Monday, March 21, 2005
... and this morning. Perhaps that ought to tell you something of the energy in Encinitas for Guruji's first two classes.
It's been more festive than anything---my friend Casey clocked over 300 people in the gym yesterday! There must have been close to 200 today.
And just like the Beatles' Sgt. Pepper's album cover, close to everyone I've ever practiced yoga with is there, from distant friends to daily acquaintances. You're such a lovely audience, we'd love to take you home with us. Too, too sweet.

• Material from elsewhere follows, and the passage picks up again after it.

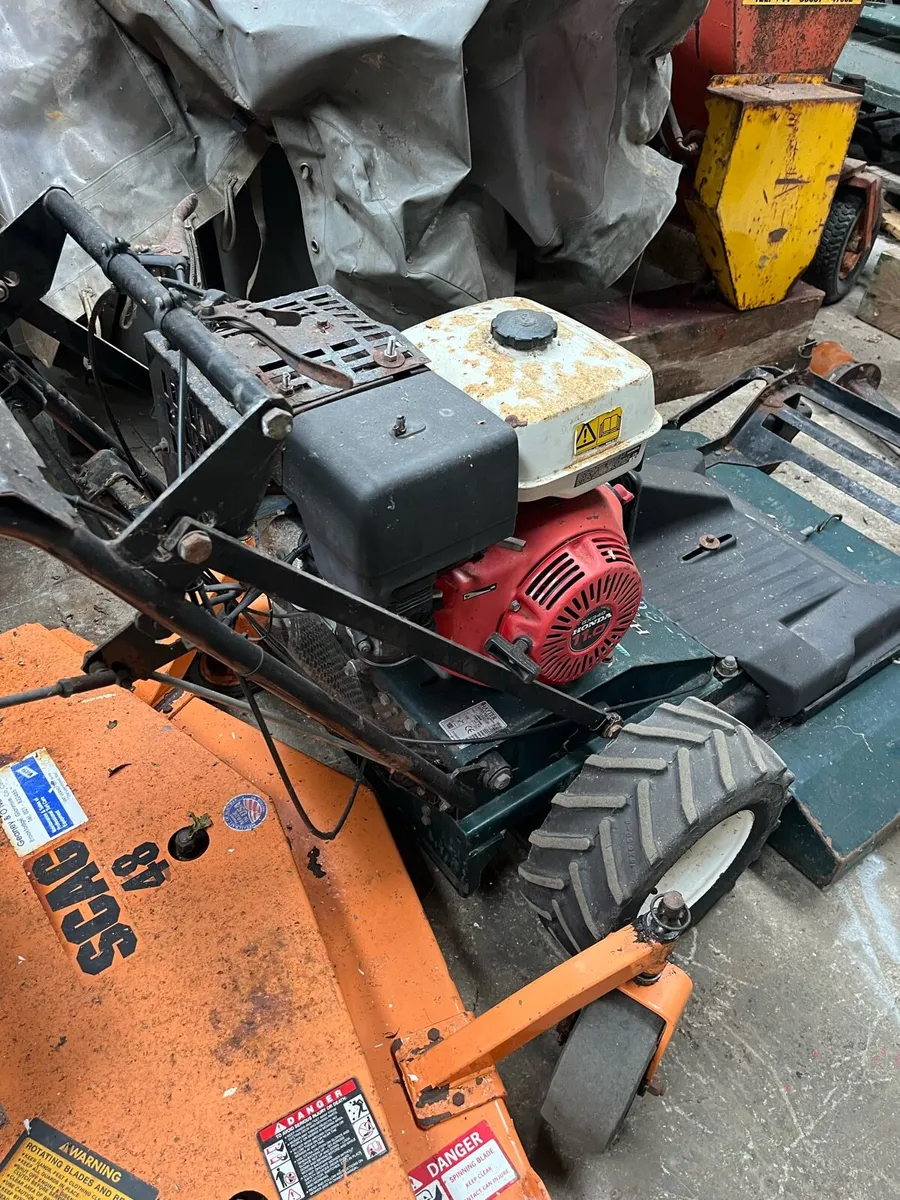 Hayter condor lawnmower - Image 1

But dudes, can we turn the AC off?
(Tomorrow morning: thermal shirt, wool socks, knit cap, snorkel parka?)
Remember Mad Balls? God, I wish I had one, because I would hurl it at your head.
Remember those Carvel ice-cream TV commercials? I want a Cookie Puss right now. Mmmmmmm---Fudgie the Whale.

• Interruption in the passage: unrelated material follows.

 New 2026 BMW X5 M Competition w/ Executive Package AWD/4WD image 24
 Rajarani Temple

On my iTunes, Jai Uttal's "Radhe Govinda" just sequed into Raekwon's "Verbal Intercouse," Jai Uttal's sandstorm howl of "Radhe Govinda" followed by Nas' opening salvo, "Through the lights, cameras and action/ glamour glitters and gold/ I unfold the scroll, plant seeds to stampede the globe." Both good, both god? Yes.
Friday, March 18, 2005
This morning was the last Mysore practice ever to be held at the E Street location; Guruji and co. are teaching for the next two weeks, and Tim has accordingly cancelled his classes.
The lease runs out March 30 ... and that's it. After 12 (13?) years, there will be a new studio. Whenever they find one ...
Everyone's been complaining about the mold smell, which did get particularly harsh this winter, especially after California's extended deluge. I thought Matsya, Vishnu's fish incarnation, was going to have to manifest to strap our ark to his horn ...
And it was better not to think too much about the studio's carpet. You didn't really want to know what you were rolling around on. Or whose sweat you were rolling around in. And those hairs stuck to my body are long, black, and kinky---i.e. not mine.
But the room had such a powerful feel to it---warm colors, high ceilings, natural lighting, photos of Guruji, statues of Hanuman, Virabadra, Shiva, et al. There was the faint, pleasant smell of clean sweat mixed with incense.
Tim's studio was the real deal. It was an accurate, authentic reflection of the studio's teachers and teaching.
Who cares if there was only one bathroom and no waiting area or "boutique"? People showed up in droves anyway.
And they'll continue to show up, regardless if Tim runs classes out of his garage or a conference room at the Best Western.
With a little sadness, we're on to the next space ...
I hope one day to see anyone and everyone who reads this there.
Thursday, March 17, 2005
My Favorite Mantras
Maybe revealing your own personal mantras robs them of their power, but I thought I'd share anyway. I use these during the inhales, exhales and retentions of pranayama, as well as during moments of asana practice.
1. Shambo Shiva/Mahadeva Shiva
This one has some very powerful personal associations that stem from Mysore.
2. Bhajelo ji Hanuman
He's the monkey-faced god, friend of Ram, re-uniter of Ram and Sita, leaper of Lanka, son of the Wind, etc, etc. Such a friendly guy---why not ask him for help?
3. Om namah Shivaya
For the cleansing fire.
4. Nothin' to it but to do it.
This one helps counter avidya, asmita---basically, all the klesas that begin with "a."
5. Mmmm. Toast.
This one helps me through those late-in-the-morning practices, when all I can think about is eating some fucking food!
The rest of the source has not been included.